Socialist Historians and UNESCO’s History of Humanity (1978-1989)

by Bogdan C. Iacob

at the panel Global Institutions and the East-South Circulation of Knowledge, the Fifth European Congress on World and Global History (Budapest, 31 August – 3 September, 2017)

Abstract

In the second of the fifties, socialist states found a new arena to showcase and perfect their identity narratives – the United Nations system. UNESCO, for instance, would often have for East Europeans the same role as it had for other so-called peripherials – the recently de-colonized societies. It was a platform for cultural emancipation. Peoples whose histories had often been doubted, marginalized, or ignored in Western centric frameworks would claim their place in a global exchange based on the alleged mutually beneficial interconnectedness of civilizations.

My paper will discuss this common ground between the socialist East and the post-colonial South in the context of UNESCO-led efforts to design a new universal history. In 1978, UNESCO decided to draft a second edition of “History of Humanity. Scientific and Cultural Development”, as the first (English title History of Mankind, published during the sixties) was deemed too Eurocentric and out-of-date in contrast with the rise of the Global South. I will examine various stages of the activity of the International Commission created for the new edition simultaneously with developments within the field of historical studies, as evidenced at the International Congresses in Bucharest (1980) and Stuttgart (1985). My aim is to flesh out different responses to the accelerated globalization of history-writing within UNESCO and the International Committee of Historical Sciences.

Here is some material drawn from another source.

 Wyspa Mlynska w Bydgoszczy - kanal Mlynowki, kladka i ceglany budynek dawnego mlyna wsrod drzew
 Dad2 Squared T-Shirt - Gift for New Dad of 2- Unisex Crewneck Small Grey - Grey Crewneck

I am going to focus on East Europeans readings of specific issues such as imperialism, national originality, revolution, or development. I wish to signal out moments of overlap or dissonance between state socialist scholars and representatives of the Global South on matters such as the critique of the West or the affirmation of national/regional identities. In parallel, I will analyze how the dialogue between the East and the South within international fora expanded and internationalized the former’s conceptualizations about modernity.